Porté par un Anthony Hopkins magistral, secondé par une galerie de seconds rôles impressionnante — Joan Allen, Powers Boothe, Ed Harris, Bob Hoskins, James Woods, Paul Sorvino, Mary Steenburgen, David Hyde Pierce et j’en passe, le film doit une partie de sa légende à un casting d’excellence aux allures de chaises musicales. Ainsi, James Woods, qui avait déjà tourné avec Stone sur Salvador, a lui-même demandé à incarner Haldeman, rôle initialement destiné à Ed Harris, qui héritera finalement du personnage de Howard Hunt.

Au niveau technique, la photographie est signée Robert Richardson, fidèle collaborateur de Stone parmi les fidèles ; la partition est confiée à John Williams qui a déjà signé les B.O. de Né un 4 juillet et JFK. Le tournage, rapide, s’est déroulé de mai à juillet 1995, principalement en Californie ainsi qu’à Washington. Au finish ? Une fresque oppressante de 192 minutes, avec à la clé un échec commercial cuisant (le film ne ramènera que 13,7 millions de dollars quand il en a coûté 44), mais un accueil critique largement favorable, couronné de plusieurs nominations aux Oscars, dont celles d’Anthony Hopkins et de Joan Allen.

Une œuvre polémique, entre tragédie et réquisitoire

Clairement le film ne peut que diviser. Si certains saluent une tragédie humaine universelle portée par une mise en scène et un jeu d’acteurs hors normes, d’autres reprochent à Stone son absence d’objectivité, allant jusqu’à qualifier le film de pamphlet plus que d’œuvre historique. Le portrait dressé par Stone a été vivement contesté par la fille de Richard Nixon ainsi que par l’ancien secrétaire d’État Henry Kissinger. Du côté des historiens, Stephen E. Ambrose, auteur d’une biographie en trois volumes de Nixon, a lui aussi dénoncé plusieurs inexactitudes, tandis que Ray Price, proche de longue date de l’ancien président, jugeait que le portrait dressé par Stone ne correspondait pas à l’homme qu’il avait connu.

Oliver Stone s’emploie plan après plan à planter un Nixon rongé de culpabilité, oscillant entre vanité et perte de confiance, hanté par l’assassinat de JFK qui a permis sa propre élection, empêtré par ses douteuses amitiés avec les grands patrons texans, les pontes de la CIA et du FBI, obsédé par l’échec de la Baie des Cochons.

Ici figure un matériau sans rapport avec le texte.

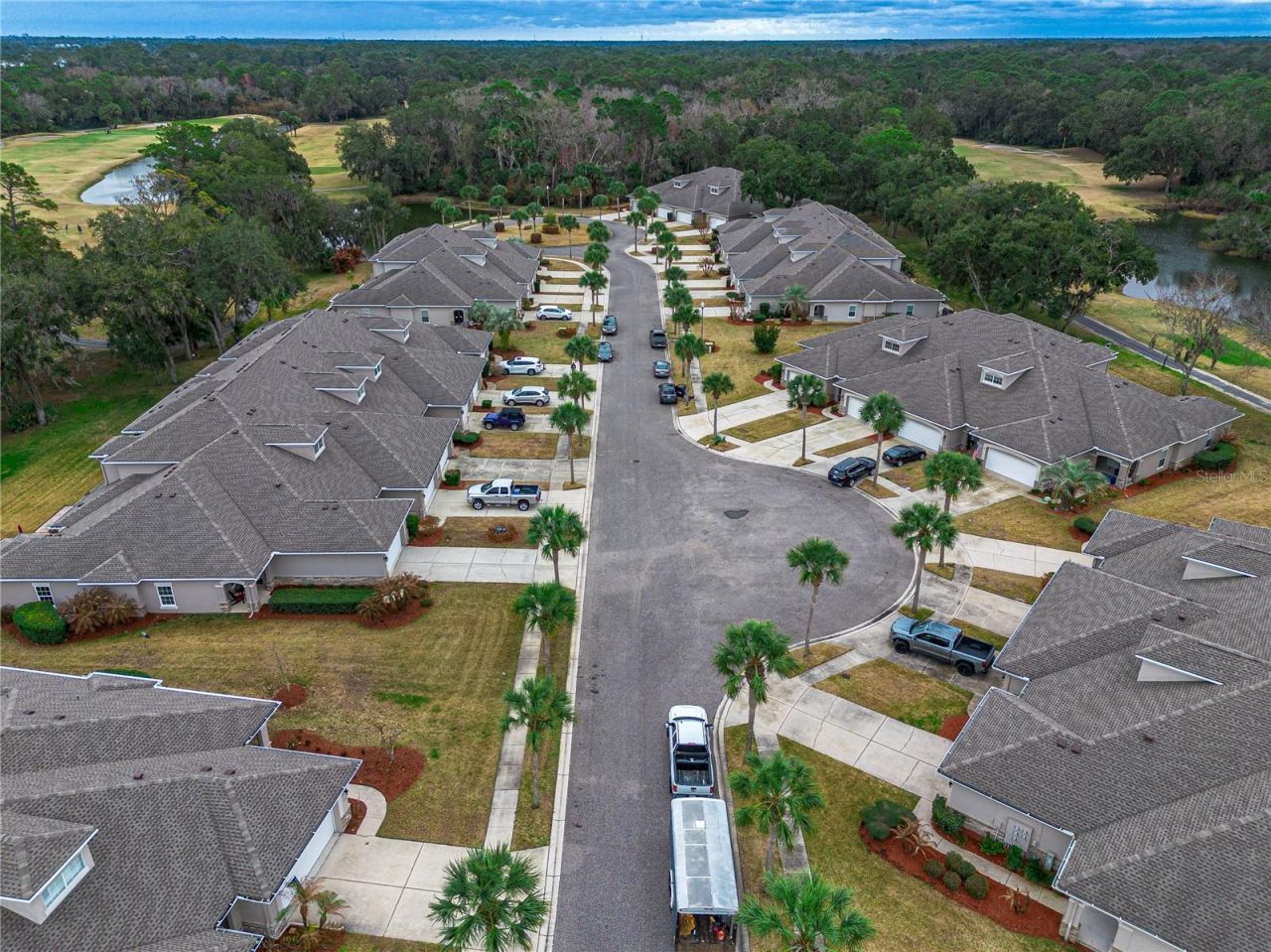 1981 Turnbull Lakes Drive, New Smyrna Beach, FL 32168 Photo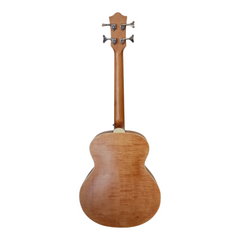 Guild Jumbo Junior Acoustic Bass w/bag *used*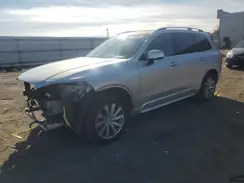 YV4A22PK3J1325378 2018 VOLVO XC90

En quête perpétuelle de rédemption, cette figure shakespearienne certes s’écarte de la vérité historique. Mais elle permet d’illustrer de manière spectaculaire comment le pouvoir peut fasciner puis ronger ceux qui s’en approchent.

À l’occasion de son trentième anniversaire, plusieurs rétrospectives sont revenues sur le film. Avec le recul, on peut aujourd’hui apprécier à sa juste valeur ce portrait d’un homme brillant et brisé, dont la trajectoire continue d’interpeller par ce qu’elle dit du pouvoir, de la solitude et de l’auto-destruction.